● What to work on
Below are the records. Reproduce exactly the lines from the one containing "Hermes Taurillon Clemence" through the final line, and omit any pictures.
####################
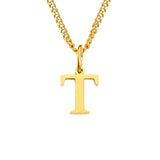 Beach Luxe 26 Letters All-Match 14K Stainless Steel Necklace Necklace T Gold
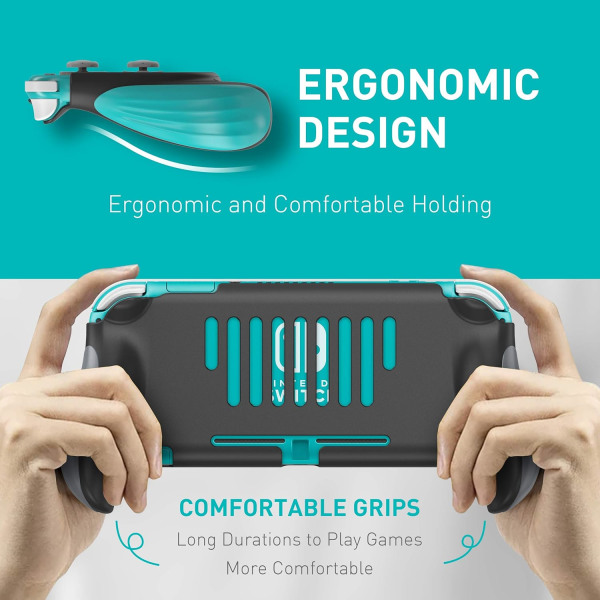Handtag för Nintendo Switch Lite, Ergonomic Comfort Handheld Protective Gaming Case Portable black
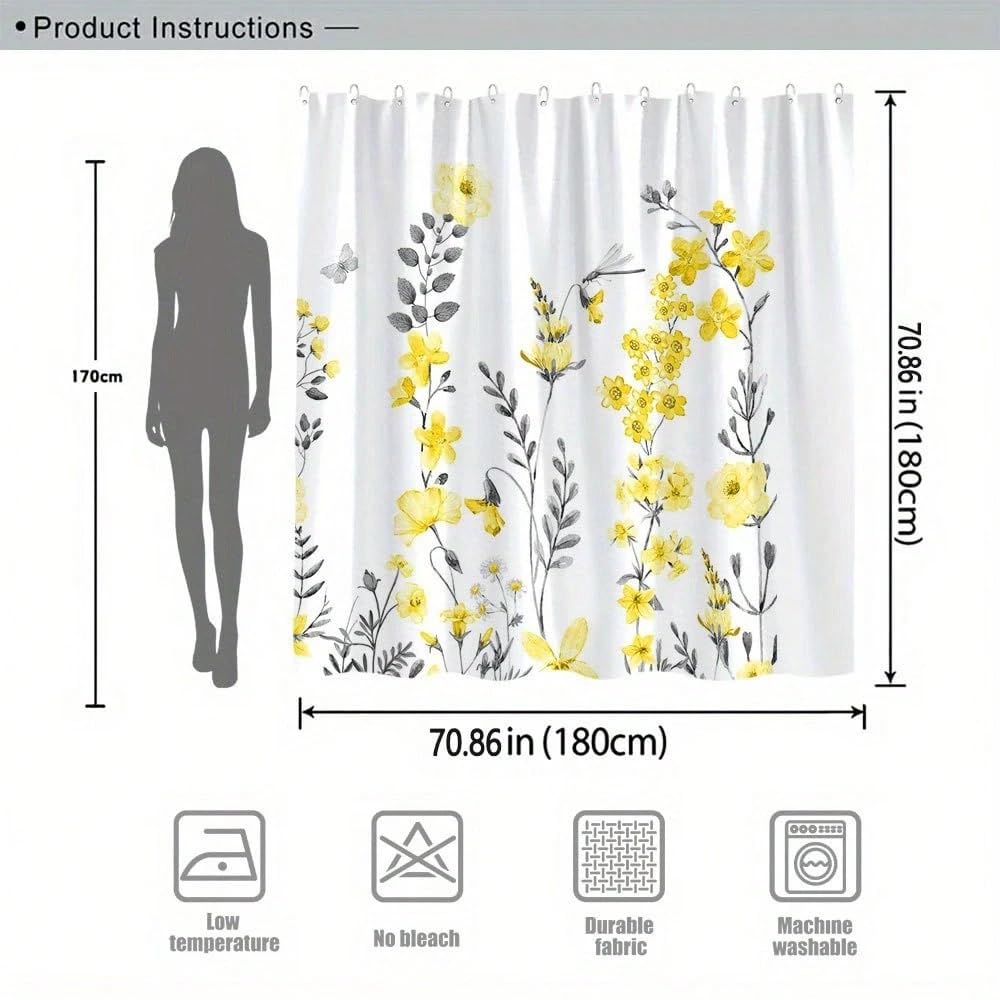 Botanischer Duschvorhang mit gelb-grauen Blumenmuster, Elegantes, natürliches Dekor mit monochromen Aquarellblumen (300 x 200 cm / 118 x 79 Zoll (B x H))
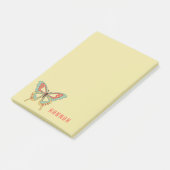 Stilvolle Vintage Retro-Butterfly Post-it Klebezettel (angewinkelt)
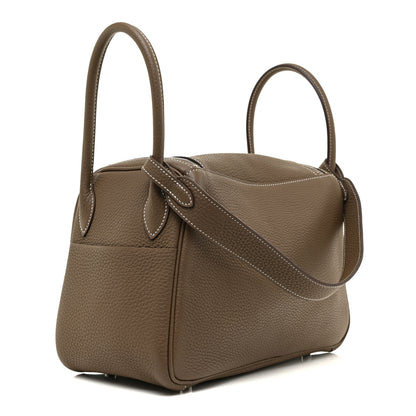 Hermes Taurillon Clemence Lindy 26 Etoupe 2 of 9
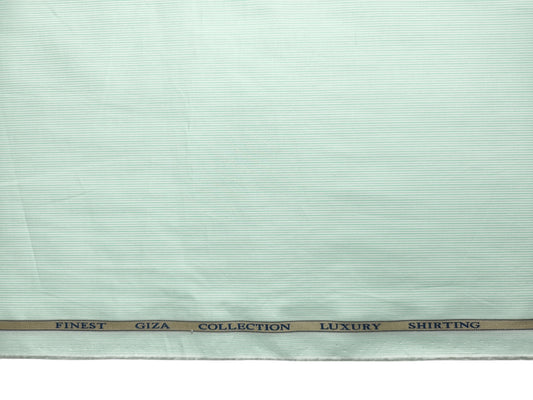 Solino 100% Premium Giza Cotton Shirting Fabric (Light Green , Stripes)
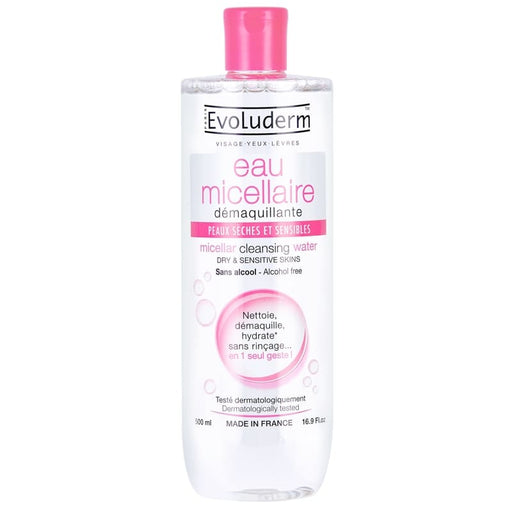 Evoluderm Micellar Water Dry/Sensitive Skins 500Ml - Farmacias Arrocha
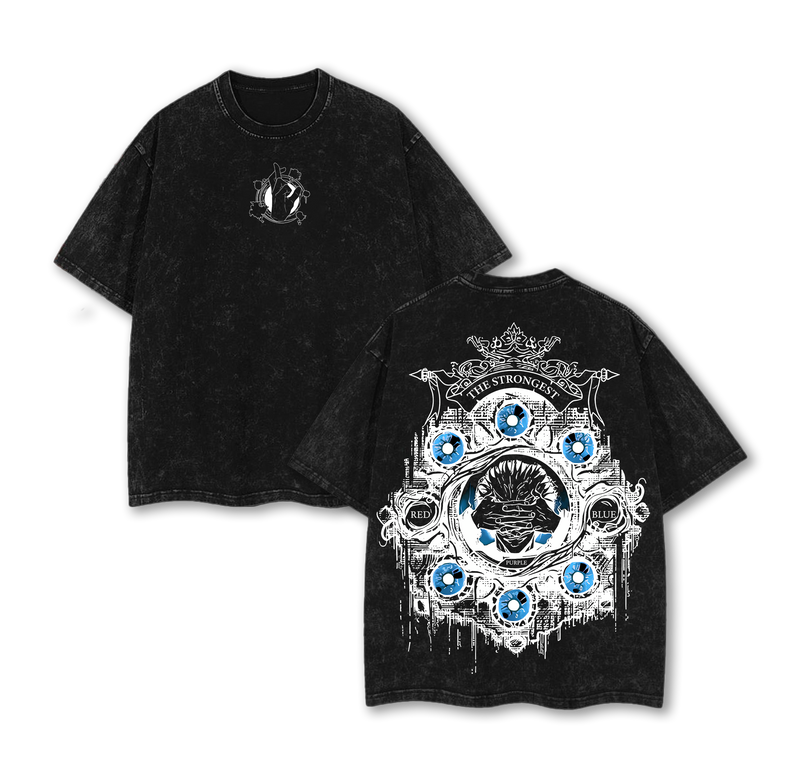 Gojo Satoru Six Eyes Tee Washed – Vintage Oversized Heavy Cotton Jujutsu Kaisen Execution Culling Game The Movie T-Shirt, Double Printed Retro Unisex Streetwear Graphic Top, Menswear Underwear Oversize Anime Manga JJK T-Shirt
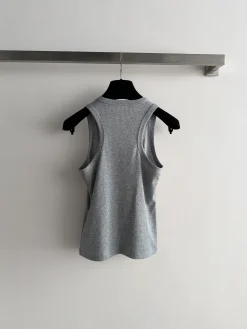 Alternative view of CHANEL Clothing Cotton Knit (Gray) S-M-L A50202607050427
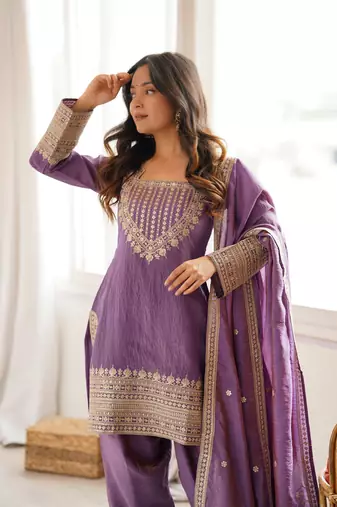 Women   s Onion pink embroidered kurta with patiala pant & dupatta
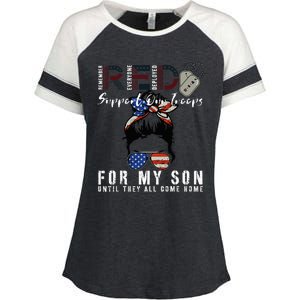 Red Friday Military I Wear Red For My Son Remember Everyone Enza Ladies Jersey Colorblock Tee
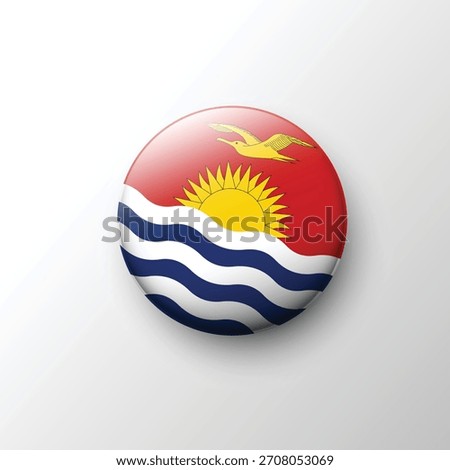 A vibrant 3D circular button depicting the Kiribati flag with its golden frigate bird, rising sun, and blue-white ocean waves.
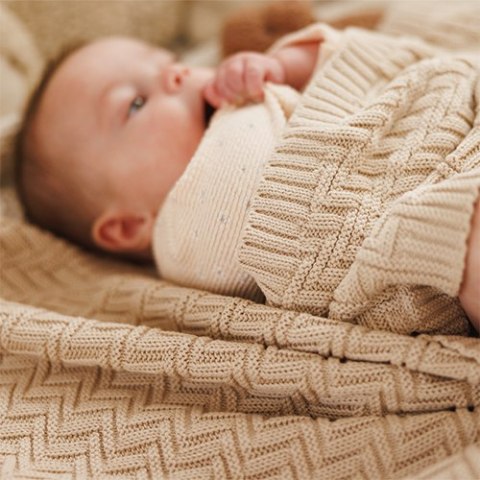 Babyono Kocyk dzianinowy bawełniany beżowy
####################
● Response for this exercise
 Hermes Taurillon Clemence Lindy 26 Etoupe 2 of 9
 Solino 100% Premium Giza Cotton Shirting Fabric (Light Green , Stripes)
 Evoluderm Micellar Water Dry/Sensitive Skins 500Ml - Farmacias Arrocha
 Gojo Satoru Six Eyes Tee Washed – Vintage Oversized Heavy Cotton Jujutsu Kaisen Execution Culling Game The Movie T-Shirt, Double Printed Retro Unisex Streetwear Graphic Top, Menswear Underwear Oversize Anime Manga JJK T-Shirt
 Alternative view of CHANEL Clothing Cotton Knit (Gray) S-M-L A50202607050427
 Women   s Onion pink embroidered kurta with patiala pant & dupatta
 Red Friday Military I Wear Red For My Son Remember Everyone Enza Ladies Jersey Colorblock Tee
 A vibrant 3D circular button depicting the Kiribati flag with its golden frigate bird, rising sun, and blue-white ocean waves.
 Babyono Kocyk dzianinowy bawełniany beżowy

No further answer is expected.